**RECORDS SHOWN:**
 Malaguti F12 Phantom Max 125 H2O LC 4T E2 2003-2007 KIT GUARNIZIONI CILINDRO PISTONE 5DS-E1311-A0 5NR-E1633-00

* * *

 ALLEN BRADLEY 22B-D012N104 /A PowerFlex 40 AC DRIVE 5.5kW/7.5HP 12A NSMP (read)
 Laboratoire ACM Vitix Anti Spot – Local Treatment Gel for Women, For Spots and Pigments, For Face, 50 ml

**ACTION ITEM:**
Reproduce verbatim the lines above, from the line with "ALLEN BRADLEY 22B-D012N104" through the line with "Laboratoire ACM Vitix".

**WRITTEN SOLUTION:**
 ALLEN BRADLEY 22B-D012N104 /A PowerFlex 40 AC DRIVE 5.5kW/7.5HP 12A NSMP (read)
 Laboratoire ACM Vitix Anti Spot – Local Treatment Gel for Women, For Spots and Pigments, For Face, 50 ml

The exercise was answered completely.